● **Work instructions**
Reproduce the listing below in full and exactly; no pictures belong in the copy.

● **Recorded data**
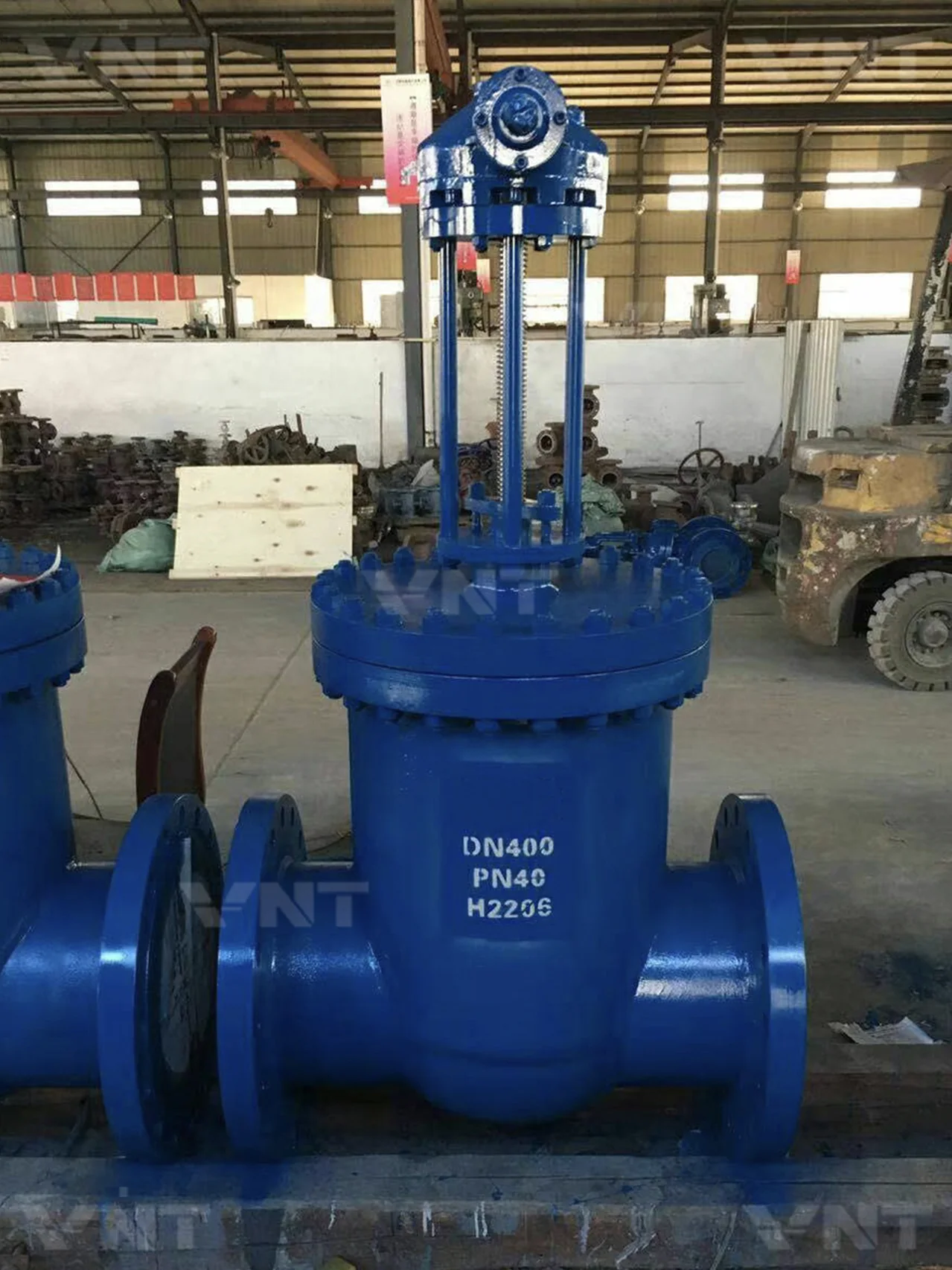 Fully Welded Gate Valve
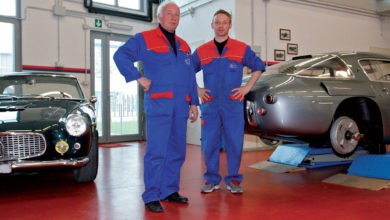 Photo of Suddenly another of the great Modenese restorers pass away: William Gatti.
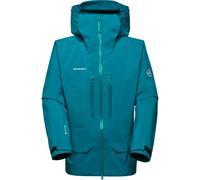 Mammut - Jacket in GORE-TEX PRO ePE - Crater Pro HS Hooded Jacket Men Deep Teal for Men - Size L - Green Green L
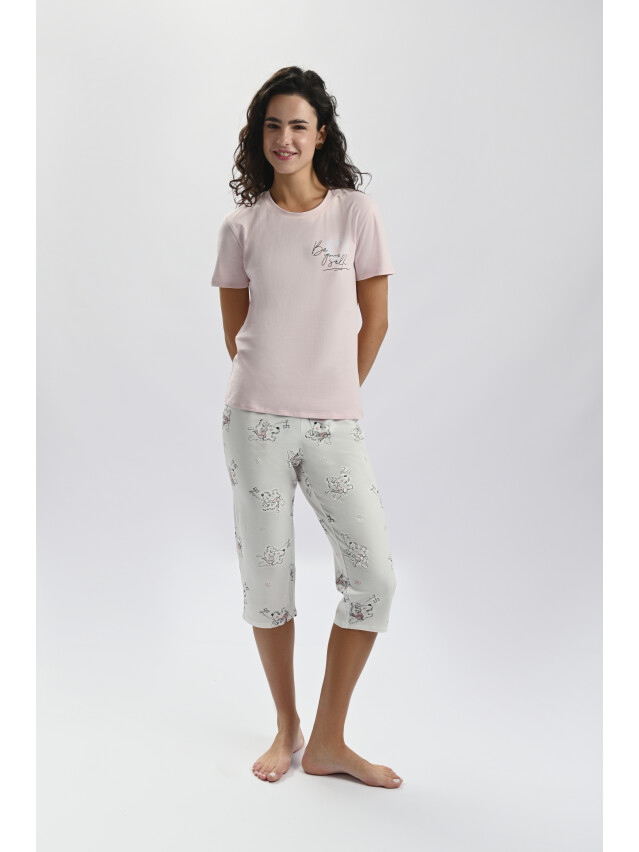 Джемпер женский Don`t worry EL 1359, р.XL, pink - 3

● **Reply**
 Fully Welded Gate Valve
 Photo of Suddenly another of the great Modenese restorers pass away: William Gatti.
 Mammut - Jacket in GORE-TEX PRO ePE - Crater Pro HS Hooded Jacket Men Deep Teal for Men - Size L - Green Green L
 Джемпер женский Don`t worry EL 1359, р.XL, pink - 3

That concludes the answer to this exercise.